Top of Information

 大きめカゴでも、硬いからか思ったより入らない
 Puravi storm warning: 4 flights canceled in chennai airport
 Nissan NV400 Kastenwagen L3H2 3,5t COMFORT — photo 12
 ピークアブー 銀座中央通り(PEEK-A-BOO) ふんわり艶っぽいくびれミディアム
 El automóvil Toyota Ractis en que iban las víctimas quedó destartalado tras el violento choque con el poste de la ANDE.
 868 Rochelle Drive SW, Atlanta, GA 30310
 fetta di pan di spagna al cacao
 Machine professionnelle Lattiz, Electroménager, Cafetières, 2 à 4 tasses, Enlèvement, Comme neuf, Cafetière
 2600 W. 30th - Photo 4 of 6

Bottom of Information
Top of Information

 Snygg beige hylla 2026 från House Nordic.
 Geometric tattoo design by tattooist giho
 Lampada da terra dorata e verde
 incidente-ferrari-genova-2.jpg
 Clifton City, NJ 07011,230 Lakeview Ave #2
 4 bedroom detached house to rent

Bottom of Information

Problem description: There is a line with "incidente-ferrari-genova-2.jpg" and a line with "4 bedroom detached house to rent" above. Copy exactly those two lines and all lines between them, with nothing else.

Response to this exercise:
 incidente-ferrari-genova-2.jpg
 Clifton City, NJ 07011,230 Lakeview Ave #2
 4 bedroom detached house to rent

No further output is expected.